Work instructions → Output each entry exactly as written.

Data section →
+ + + +

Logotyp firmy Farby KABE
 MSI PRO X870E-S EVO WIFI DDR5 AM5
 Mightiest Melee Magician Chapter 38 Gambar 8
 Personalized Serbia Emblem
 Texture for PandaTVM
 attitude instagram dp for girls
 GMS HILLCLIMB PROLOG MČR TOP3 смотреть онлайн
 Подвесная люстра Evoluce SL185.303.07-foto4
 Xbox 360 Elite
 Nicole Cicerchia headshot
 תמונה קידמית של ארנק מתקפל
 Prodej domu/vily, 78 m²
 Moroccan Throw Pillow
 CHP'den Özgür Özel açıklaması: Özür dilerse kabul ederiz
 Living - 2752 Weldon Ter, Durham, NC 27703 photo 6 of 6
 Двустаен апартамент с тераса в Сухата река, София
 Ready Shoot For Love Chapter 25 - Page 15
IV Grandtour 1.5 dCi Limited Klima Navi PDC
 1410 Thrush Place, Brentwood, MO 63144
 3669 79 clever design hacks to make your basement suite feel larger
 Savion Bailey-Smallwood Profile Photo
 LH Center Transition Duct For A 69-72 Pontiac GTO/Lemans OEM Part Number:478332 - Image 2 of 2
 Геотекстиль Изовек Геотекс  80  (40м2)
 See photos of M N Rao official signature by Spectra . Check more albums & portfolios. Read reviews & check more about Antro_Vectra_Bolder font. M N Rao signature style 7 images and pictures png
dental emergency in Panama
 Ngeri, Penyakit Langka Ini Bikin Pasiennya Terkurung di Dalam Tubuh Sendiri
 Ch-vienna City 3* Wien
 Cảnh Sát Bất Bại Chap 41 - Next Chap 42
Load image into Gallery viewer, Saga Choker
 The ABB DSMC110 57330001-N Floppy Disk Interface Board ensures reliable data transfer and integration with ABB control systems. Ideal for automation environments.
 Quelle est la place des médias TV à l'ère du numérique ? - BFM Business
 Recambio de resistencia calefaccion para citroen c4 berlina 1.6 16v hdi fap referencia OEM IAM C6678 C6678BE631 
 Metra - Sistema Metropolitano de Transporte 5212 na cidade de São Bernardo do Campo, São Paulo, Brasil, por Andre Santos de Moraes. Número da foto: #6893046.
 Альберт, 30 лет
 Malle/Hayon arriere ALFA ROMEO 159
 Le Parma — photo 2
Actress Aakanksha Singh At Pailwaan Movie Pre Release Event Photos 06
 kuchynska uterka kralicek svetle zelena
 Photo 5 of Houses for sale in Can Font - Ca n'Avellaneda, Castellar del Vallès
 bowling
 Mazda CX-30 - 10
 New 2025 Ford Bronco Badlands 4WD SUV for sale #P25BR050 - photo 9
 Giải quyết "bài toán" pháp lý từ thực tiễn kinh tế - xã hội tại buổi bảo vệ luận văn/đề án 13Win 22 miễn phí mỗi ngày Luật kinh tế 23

+ + + +

Result below →
Logotyp firmy Farby KABE
 MSI PRO X870E-S EVO WIFI DDR5 AM5
 Mightiest Melee Magician Chapter 38 Gambar 8
 Personalized Serbia Emblem
 Texture for PandaTVM
 attitude instagram dp for girls
 GMS HILLCLIMB PROLOG MČR TOP3 смотреть онлайн
 Подвесная люстра Evoluce SL185.303.07-foto4
 Xbox 360 Elite
 Nicole Cicerchia headshot
 תמונה קידמית של ארנק מתקפל
 Prodej domu/vily, 78 m²
 Moroccan Throw Pillow
 CHP'den Özgür Özel açıklaması: Özür dilerse kabul ederiz
 Living - 2752 Weldon Ter, Durham, NC 27703 photo 6 of 6
 Двустаен апартамент с тераса в Сухата река, София
 Ready Shoot For Love Chapter 25 - Page 15
IV Grandtour 1.5 dCi Limited Klima Navi PDC
 1410 Thrush Place, Brentwood, MO 63144
 3669 79 clever design hacks to make your basement suite feel larger
 Savion Bailey-Smallwood Profile Photo
 LH Center Transition Duct For A 69-72 Pontiac GTO/Lemans OEM Part Number:478332 - Image 2 of 2
 Геотекстиль Изовек Геотекс  80  (40м2)
 See photos of M N Rao official signature by Spectra . Check more albums & portfolios. Read reviews & check more about Antro_Vectra_Bolder font. M N Rao signature style 7 images and pictures png
dental emergency in Panama
 Ngeri, Penyakit Langka Ini Bikin Pasiennya Terkurung di Dalam Tubuh Sendiri
 Ch-vienna City 3* Wien
 Cảnh Sát Bất Bại Chap 41 - Next Chap 42
Load image into Gallery viewer, Saga Choker
 The ABB DSMC110 57330001-N Floppy Disk Interface Board ensures reliable data transfer and integration with ABB control systems. Ideal for automation environments.
 Quelle est la place des médias TV à l'ère du numérique ? - BFM Business
 Recambio de resistencia calefaccion para citroen c4 berlina 1.6 16v hdi fap referencia OEM IAM C6678 C6678BE631 
 Metra - Sistema Metropolitano de Transporte 5212 na cidade de São Bernardo do Campo, São Paulo, Brasil, por Andre Santos de Moraes. Número da foto: #6893046.
 Альберт, 30 лет
 Malle/Hayon arriere ALFA ROMEO 159
 Le Parma — photo 2
Actress Aakanksha Singh At Pailwaan Movie Pre Release Event Photos 06
 kuchynska uterka kralicek svetle zelena
 Photo 5 of Houses for sale in Can Font - Ca n'Avellaneda, Castellar del Vallès
 bowling
 Mazda CX-30 - 10
 New 2025 Ford Bronco Badlands 4WD SUV for sale #P25BR050 - photo 9
 Giải quyết "bài toán" pháp lý từ thực tiễn kinh tế - xã hội tại buổi bảo vệ luận văn/đề án 13Win 22 miễn phí mỗi ngày Luật kinh tế 23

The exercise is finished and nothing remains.